Until you reach the line containing "Image of Rylan", reproduce each line of the listing exactly, please, and include that line as well.

• **Data excerpts**:
------------------------------------

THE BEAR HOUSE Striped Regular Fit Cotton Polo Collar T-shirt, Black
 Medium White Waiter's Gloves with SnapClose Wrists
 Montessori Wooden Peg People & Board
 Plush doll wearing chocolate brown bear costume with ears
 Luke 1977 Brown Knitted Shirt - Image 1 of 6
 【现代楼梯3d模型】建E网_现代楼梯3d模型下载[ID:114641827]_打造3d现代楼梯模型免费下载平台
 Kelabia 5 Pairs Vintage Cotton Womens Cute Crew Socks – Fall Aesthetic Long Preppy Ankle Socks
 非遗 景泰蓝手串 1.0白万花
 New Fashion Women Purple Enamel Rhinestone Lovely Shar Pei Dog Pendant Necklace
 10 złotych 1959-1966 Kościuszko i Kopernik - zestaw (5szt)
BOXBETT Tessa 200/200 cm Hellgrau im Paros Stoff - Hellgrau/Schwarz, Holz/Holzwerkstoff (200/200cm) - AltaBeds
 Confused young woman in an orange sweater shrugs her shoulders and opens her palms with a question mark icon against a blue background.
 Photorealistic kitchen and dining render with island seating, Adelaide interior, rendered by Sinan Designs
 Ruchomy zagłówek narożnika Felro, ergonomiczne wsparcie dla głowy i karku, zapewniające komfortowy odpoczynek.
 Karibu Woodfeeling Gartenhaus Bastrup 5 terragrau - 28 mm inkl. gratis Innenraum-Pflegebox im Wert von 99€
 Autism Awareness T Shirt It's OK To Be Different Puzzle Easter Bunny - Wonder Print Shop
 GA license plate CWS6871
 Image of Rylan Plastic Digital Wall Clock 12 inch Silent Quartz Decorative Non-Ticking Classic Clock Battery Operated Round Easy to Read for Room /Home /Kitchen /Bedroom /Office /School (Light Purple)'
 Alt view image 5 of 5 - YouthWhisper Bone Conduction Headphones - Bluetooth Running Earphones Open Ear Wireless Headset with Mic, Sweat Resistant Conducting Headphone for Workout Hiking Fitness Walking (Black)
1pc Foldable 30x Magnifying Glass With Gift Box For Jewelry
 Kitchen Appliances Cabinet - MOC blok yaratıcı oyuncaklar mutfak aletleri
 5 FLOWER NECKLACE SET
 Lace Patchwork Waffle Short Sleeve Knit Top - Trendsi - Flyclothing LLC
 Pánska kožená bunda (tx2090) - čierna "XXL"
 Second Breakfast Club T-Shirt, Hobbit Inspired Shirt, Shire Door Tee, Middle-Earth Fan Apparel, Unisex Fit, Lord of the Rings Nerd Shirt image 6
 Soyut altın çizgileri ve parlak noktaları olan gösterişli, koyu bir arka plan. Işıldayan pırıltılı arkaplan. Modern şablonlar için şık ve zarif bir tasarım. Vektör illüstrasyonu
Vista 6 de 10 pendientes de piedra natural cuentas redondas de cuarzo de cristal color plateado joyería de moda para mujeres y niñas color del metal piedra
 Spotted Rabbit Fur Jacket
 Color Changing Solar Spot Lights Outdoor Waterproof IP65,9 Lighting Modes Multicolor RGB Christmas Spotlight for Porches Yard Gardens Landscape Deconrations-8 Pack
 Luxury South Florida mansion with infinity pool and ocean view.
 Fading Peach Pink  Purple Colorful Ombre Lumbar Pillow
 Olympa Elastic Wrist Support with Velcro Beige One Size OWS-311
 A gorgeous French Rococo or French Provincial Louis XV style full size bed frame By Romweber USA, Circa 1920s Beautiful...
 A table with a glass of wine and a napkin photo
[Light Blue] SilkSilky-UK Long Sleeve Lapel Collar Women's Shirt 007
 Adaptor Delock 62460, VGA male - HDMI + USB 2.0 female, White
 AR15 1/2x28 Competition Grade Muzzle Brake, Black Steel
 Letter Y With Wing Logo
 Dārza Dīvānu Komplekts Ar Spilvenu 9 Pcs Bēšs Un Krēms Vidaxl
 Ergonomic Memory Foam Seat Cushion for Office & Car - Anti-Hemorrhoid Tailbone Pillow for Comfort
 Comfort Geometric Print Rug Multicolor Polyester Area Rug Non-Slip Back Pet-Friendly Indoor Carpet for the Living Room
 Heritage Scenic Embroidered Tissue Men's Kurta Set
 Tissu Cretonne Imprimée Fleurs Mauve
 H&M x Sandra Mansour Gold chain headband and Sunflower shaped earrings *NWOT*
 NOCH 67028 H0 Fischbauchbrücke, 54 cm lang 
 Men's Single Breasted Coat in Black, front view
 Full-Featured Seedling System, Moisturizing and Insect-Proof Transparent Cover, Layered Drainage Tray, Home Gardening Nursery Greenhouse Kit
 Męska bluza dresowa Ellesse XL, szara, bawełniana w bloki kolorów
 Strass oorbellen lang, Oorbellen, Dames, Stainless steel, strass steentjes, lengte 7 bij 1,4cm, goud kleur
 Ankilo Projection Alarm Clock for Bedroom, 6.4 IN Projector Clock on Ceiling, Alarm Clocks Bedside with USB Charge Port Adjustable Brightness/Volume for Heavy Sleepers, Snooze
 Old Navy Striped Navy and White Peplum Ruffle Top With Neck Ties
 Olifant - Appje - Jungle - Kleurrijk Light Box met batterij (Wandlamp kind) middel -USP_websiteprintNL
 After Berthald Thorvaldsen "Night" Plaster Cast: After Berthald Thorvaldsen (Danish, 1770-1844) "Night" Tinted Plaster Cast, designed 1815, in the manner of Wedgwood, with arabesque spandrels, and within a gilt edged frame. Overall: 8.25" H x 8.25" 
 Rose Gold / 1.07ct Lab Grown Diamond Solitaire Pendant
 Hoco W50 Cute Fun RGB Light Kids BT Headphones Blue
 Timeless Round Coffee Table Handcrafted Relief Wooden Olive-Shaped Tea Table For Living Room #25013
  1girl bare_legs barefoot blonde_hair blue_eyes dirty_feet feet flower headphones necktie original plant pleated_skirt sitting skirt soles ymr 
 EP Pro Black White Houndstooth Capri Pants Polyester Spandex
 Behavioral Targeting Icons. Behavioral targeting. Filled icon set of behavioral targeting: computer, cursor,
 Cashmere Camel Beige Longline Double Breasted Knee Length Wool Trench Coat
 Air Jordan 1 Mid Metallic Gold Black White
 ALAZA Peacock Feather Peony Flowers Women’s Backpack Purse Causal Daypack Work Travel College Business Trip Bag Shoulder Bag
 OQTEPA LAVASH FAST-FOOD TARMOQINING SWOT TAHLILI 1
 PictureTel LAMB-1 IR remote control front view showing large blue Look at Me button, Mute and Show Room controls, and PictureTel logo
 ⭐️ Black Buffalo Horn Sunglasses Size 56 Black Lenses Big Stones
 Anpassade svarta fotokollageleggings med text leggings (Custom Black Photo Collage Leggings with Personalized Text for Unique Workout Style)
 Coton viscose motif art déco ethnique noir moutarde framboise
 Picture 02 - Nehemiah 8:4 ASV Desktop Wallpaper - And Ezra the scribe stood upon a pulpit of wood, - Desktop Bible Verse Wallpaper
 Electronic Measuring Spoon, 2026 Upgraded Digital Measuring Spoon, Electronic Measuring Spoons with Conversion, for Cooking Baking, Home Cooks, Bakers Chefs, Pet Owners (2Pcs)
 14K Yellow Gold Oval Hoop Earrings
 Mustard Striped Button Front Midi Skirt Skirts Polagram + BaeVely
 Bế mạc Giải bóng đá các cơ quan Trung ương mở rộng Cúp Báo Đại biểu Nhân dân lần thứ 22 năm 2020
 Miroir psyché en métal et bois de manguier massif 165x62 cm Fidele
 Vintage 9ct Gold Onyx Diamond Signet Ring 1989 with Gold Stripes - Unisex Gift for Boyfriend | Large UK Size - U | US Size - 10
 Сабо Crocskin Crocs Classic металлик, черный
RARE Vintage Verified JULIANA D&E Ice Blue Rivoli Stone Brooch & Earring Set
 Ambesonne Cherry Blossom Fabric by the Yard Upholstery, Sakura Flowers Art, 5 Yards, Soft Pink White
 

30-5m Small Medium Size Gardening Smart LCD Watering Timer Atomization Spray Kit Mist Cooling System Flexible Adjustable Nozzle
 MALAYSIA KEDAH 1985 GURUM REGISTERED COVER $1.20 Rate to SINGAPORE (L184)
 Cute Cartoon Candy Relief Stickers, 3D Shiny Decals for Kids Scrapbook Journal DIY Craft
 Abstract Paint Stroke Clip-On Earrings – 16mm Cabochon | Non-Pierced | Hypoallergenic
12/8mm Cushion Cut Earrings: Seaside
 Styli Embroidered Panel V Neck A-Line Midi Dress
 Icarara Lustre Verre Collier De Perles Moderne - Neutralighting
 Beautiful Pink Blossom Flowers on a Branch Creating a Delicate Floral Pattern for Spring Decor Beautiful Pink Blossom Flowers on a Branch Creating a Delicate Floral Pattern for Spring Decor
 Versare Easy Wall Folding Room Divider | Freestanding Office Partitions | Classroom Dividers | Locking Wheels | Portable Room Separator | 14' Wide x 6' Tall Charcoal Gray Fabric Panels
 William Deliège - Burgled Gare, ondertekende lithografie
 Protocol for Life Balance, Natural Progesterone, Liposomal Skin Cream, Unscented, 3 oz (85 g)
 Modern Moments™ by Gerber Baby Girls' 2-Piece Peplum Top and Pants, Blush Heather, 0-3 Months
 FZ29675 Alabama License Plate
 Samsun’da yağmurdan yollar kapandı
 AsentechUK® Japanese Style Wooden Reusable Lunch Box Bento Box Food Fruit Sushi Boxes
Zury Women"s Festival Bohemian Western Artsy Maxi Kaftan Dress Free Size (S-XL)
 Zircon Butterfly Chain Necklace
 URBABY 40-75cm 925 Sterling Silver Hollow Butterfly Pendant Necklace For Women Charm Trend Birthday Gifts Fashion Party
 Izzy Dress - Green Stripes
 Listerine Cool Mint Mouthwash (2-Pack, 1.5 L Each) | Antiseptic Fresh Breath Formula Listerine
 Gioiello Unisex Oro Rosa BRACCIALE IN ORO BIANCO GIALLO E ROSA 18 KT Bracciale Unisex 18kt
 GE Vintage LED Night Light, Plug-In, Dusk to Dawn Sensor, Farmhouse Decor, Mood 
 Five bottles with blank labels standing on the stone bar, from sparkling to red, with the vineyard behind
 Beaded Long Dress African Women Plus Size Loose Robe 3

------------------------------------

• **Solution to this exercise**:
THE BEAR HOUSE Striped Regular Fit Cotton Polo Collar T-shirt, Black
 Medium White Waiter's Gloves with SnapClose Wrists
 Montessori Wooden Peg People & Board
 Plush doll wearing chocolate brown bear costume with ears
 Luke 1977 Brown Knitted Shirt - Image 1 of 6
 【现代楼梯3d模型】建E网_现代楼梯3d模型下载[ID:114641827]_打造3d现代楼梯模型免费下载平台
 Kelabia 5 Pairs Vintage Cotton Womens Cute Crew Socks – Fall Aesthetic Long Preppy Ankle Socks
 非遗 景泰蓝手串 1.0白万花
 New Fashion Women Purple Enamel Rhinestone Lovely Shar Pei Dog Pendant Necklace
 10 złotych 1959-1966 Kościuszko i Kopernik - zestaw (5szt)
BOXBETT Tessa 200/200 cm Hellgrau im Paros Stoff - Hellgrau/Schwarz, Holz/Holzwerkstoff (200/200cm) - AltaBeds
 Confused young woman in an orange sweater shrugs her shoulders and opens her palms with a question mark icon against a blue background.
 Photorealistic kitchen and dining render with island seating, Adelaide interior, rendered by Sinan Designs
 Ruchomy zagłówek narożnika Felro, ergonomiczne wsparcie dla głowy i karku, zapewniające komfortowy odpoczynek.
 Karibu Woodfeeling Gartenhaus Bastrup 5 terragrau - 28 mm inkl. gratis Innenraum-Pflegebox im Wert von 99€
 Autism Awareness T Shirt It's OK To Be Different Puzzle Easter Bunny - Wonder Print Shop
 GA license plate CWS6871
 Image of Rylan Plastic Digital Wall Clock 12 inch Silent Quartz Decorative Non-Ticking Classic Clock Battery Operated Round Easy to Read for Room /Home /Kitchen /Bedroom /Office /School (Light Purple)'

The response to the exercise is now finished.